By Ethan J. Skolnick
South Florida Sun-Sentinel

FORT LAUDERDALE, Fla. — How sad was this week in sports?

Three sports commissioners are envying the NHL's Gary Bettman.

Major League Baseball, defined by its records, came closer to passing its most prestigious one from a class act to a suspected cheater and confirmed grump, with Bud Selig powerless to decide anything but whether to watch.

The NFL learned of the indictment of a marquee player, Michael Vick, creating the ultimate test for law-and-order Commissioner Roger Goodell.

Then there's the most serious scandal, strictly from a sports perspective.

The scandal facing David Stern.

The scandal that has made Tim Donaghy, No. 21 in his official's uniform, the No. 1 threat in NBA history — ranking above drug use, on-court brawls, the short-lived new ball and players' attire, all issues Stern has tackled.

The one that can destroy more than a reputation or history, but a sport's very reason for being.

The dogfighting allegations against Vick, so vile and disturbing, resonate most in the real world. Yet fans don't generally punish a league for a single athlete's transgressions, no matter how horrific. And they usually forgive the athlete too, if his performance pleases.

Baseball's steroid controversy, embodied by Barry Bonds, has called two decades' worth of individual and team results into question. Yet the preponderance of performing-enhancing drugs, whether known or assumed, hasn't stopped baseball fans from attending games in record numbers.

The NBA scandal is more dangerous.

Fans merely ask that what they're watching is real.

A baseball player using steroids or human growth hormone might tilt the playing field by perhaps gaining an unfair advantage. An NBA official artificially adjusting calls, for gambling reasons, is more directly and definitively influential, even with two other officials on the crew and those crews changing night to night.

If it is discovered that Donaghy merely toyed with point differences or totals, rather than winners and losers, that doesn't soften the scandal. One point corruptly achieved can corrupt every point that follows, and accidents can occur; a call to get under a point spread could lead to a comeback victory. Also, who says an official can only influence a game in the closing minutes? What about a star's second foul in the first quarter?

This is Stern's worst-case scenario.

Protecting officials has been his primary platform, as every challenger from Mark Cuban to Jeff Van Gundy has discovered. Players and coaches are fined for the slightest criticism.

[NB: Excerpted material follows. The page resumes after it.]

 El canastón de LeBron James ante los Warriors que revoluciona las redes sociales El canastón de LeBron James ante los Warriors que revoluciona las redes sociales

Officials' fines aren't publicly revealed. Officials never face the media, and keep getting more authority to assess quick technical fouls.

Aura of accountability? Hardly.

Stern's stance has inflated officials' egos while inadvertently fueling, rather than quashing, conspiracy theories.

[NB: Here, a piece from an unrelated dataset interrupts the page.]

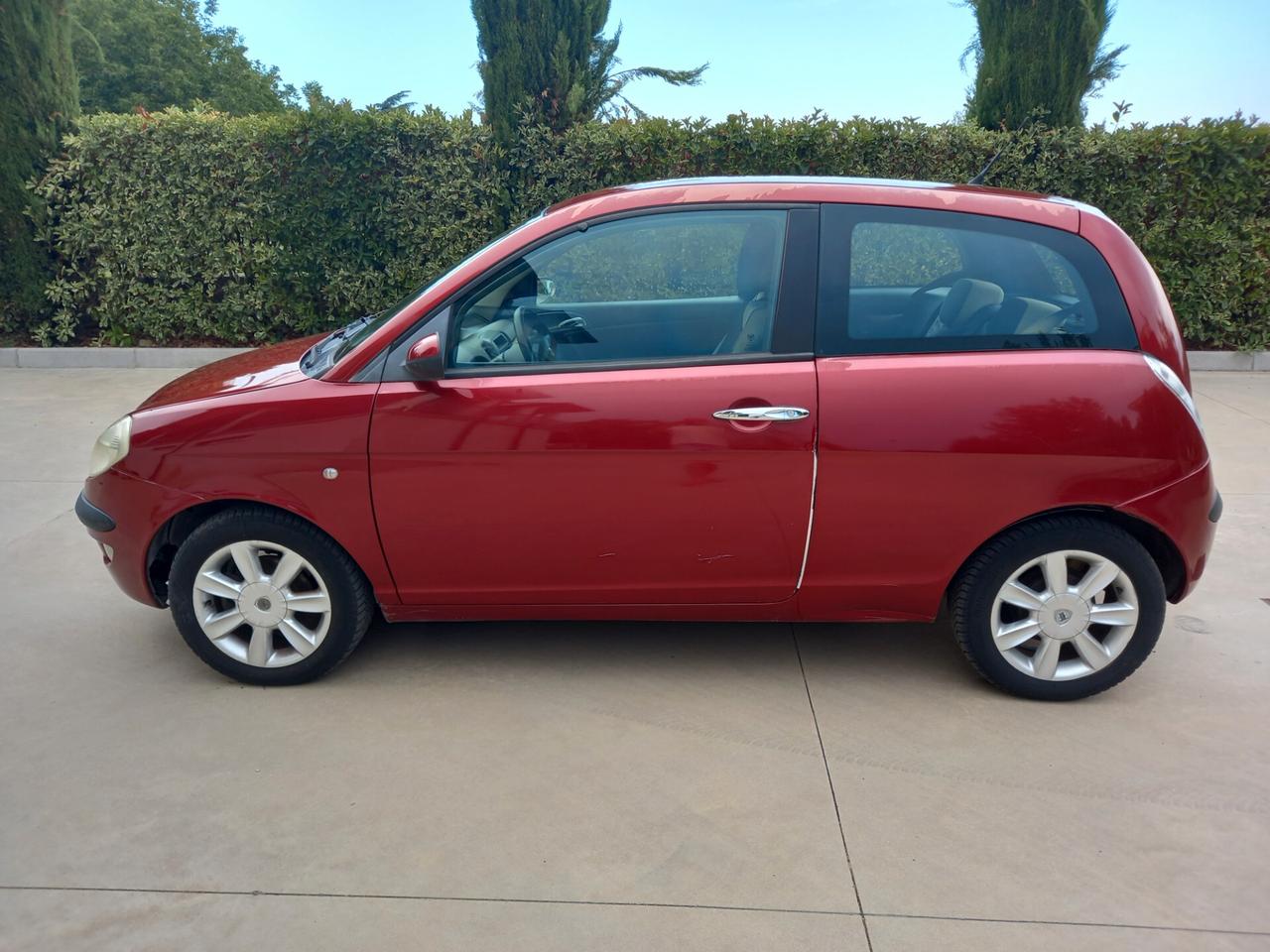 Lancia Ypsilon 1.4 16V Argento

Nor has Stern ever adequately explained two discrepancies that are more than conspiracies, each supported by significant empirical evidence. Statistics show that officials favor home teams and star players, entities that would seem to need the assistance least, but whose success benefits the league most. Saying that stars attack the basket or that the home crowd inspires offensive aggressiveness fails to sufficiently explain the numbers.

Fans can accept some institutional unfairness, or some occasional incompetence. They can't accept blatant corruption.

So, after the Donaghy revelation, every official suffers by association. Every call, every outcome is in dispute.

Stern must put transparency first, finally, investigating all officials thoroughly and revealing the results. With authorities' approval, he should share every detail about every game Donaghy worked.

That Donaghy could work 131 games without raising the NBA's suspicion suggests Stern was negligent.

It likely means little that the Heat was 1-7 in Donaghy's games, 43-31 in others. Six games were blowouts. The others? A Feb. 26 loss to the host Knicks, who shot 31 more free throws and covered a 4.5 point spread with a six-point victory. And a April 8 home overtime loss to Charlotte. Dwyane Wade, in his unexpected and line-inflating return from a six-week absence, drew a foul by Ray Felton with two seconds left and made one of two free throws to send the game to overtime.

Fixed? Any of it? For a total? Spread? Winner?

Who knows?

Once you need to wonder, a league is broken.